Un nouveau chapitre du partenariat entre nos alla breve et la Biennale de Venise, avec la diffusion d'un nouvelle pièce de Zad Moultaka : "Il regno dell'aqua", interprétée par l'ensemble l'Instant Donné.

Cette commande de Radio France a été donnée en concert dans un premier temps à la Biennale de Venise le 11 octobre puis enregistrée le 26 octobre par l'Ensemble l'Instant Donné, avec Elsa Balas (alto), CarolineCren (piano), Saori Furukawa (violon), Mathieu Steffanus (clarinette), Nicolas Carpentier (violoncelle), Maxime Echardour (percussions) et Cédric Jullion (flûte)

"Il regno dell'acqua", ce sont cinq déclinaisons de l'univers poétique si particulier de la ville de Venise.
Le compositeur est parti d'une idée poétique, différente à chaque fois, qu'il a placée en exergue à chaque nouvement.
C'est dans les murs du petit théâtre de l'Arsenal de Venise que "Il regno dell' Acqua" a été entendue pour la première fois : ce jour-là dans la salle se trouvaient les deux dédicataires de la pièce, deux amis du compositeurs. En écoutant la pièce, ils ont eu le sentiment "d'entendre Venise"...
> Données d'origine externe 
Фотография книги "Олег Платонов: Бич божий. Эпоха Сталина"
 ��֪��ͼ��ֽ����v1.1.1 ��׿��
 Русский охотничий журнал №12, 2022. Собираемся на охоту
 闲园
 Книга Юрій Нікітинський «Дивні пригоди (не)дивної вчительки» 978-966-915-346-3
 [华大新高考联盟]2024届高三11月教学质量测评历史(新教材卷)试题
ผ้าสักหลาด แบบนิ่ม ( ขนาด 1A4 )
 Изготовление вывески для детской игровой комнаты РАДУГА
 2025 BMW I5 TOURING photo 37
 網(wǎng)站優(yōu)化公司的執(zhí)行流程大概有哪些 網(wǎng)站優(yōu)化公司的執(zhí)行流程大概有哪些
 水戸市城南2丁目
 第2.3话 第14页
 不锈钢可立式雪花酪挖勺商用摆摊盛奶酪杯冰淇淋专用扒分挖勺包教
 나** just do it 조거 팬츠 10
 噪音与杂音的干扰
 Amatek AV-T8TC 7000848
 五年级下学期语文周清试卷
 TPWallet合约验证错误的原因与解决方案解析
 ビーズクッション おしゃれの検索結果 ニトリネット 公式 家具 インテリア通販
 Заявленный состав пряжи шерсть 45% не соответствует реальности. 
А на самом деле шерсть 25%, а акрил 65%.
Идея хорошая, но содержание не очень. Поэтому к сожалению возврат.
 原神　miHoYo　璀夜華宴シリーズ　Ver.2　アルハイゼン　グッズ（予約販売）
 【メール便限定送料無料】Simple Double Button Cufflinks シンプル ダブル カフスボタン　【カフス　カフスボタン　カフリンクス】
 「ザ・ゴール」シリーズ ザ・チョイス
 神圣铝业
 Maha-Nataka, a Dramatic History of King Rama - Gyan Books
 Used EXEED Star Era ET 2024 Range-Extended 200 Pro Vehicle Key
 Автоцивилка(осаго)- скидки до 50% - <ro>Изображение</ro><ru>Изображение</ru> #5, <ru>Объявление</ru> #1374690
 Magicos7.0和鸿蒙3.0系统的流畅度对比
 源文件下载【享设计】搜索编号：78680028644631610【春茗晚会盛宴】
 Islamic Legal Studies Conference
3 - Le campane inghiottite (les cloches englouties)
"La ville s’enfonce dans le tintement des choses" (Z Moultaka).

En partenariat avec
La Biennale de Venise

Logo Biennale de Venise 2013
Logo Biennale de Venise 2013

et
L'ensemble L'Instant Donné

Ensemble L'Instant Donné
Ensemble L'Instant Donné

Présentation de l’oeuvre, par Catherine Peillon :
L’eau bienfaitrice, l’eau destructrice, - inondations, débordements -, l’eau qui dilue et nettoie… le règne de l’eau. Cette pièce est écrite et consacrée à Venise, son corps liquide, inséparable de son âme de lagune. Pluie, bruine, brume, l’image de la ville se brouille - floue -, s’écaille, engloutit et reflète. Les cinq mouvements sont des fragments instrumentaux concis et ouvragés, chacun se dissout entièrement dans une sensation - suspension, mirage, fêlure, miroitement - qui nous relie à l’espace intimement poétique de la Ville. A l’heure où le monde est au chevet de la cité menacée, le compositeur-peintre choisit le thème de l’eau et de la lumière, comme en peinture il vient d’achever une série intitulée Le Feu de l’eau. On trouve ici les mêmes forces en œuvre, la même intensité, les mêmes traces de déchirure dans une forme très abstraite. Des sons, de soyeux ou rugueux jeux de timbres, mis à nu. Une matière intérieure, calme ou bouillonnante, inconnue, presqu’indéchiffrable. A la frontière de l’être et du non être dans le sens où l’Iphigénie d’Euripide ose énoncer "Regarder la lumière est pour les mortels la chose la plus douce ; ce qui est en-dessous de la terre est néant" *.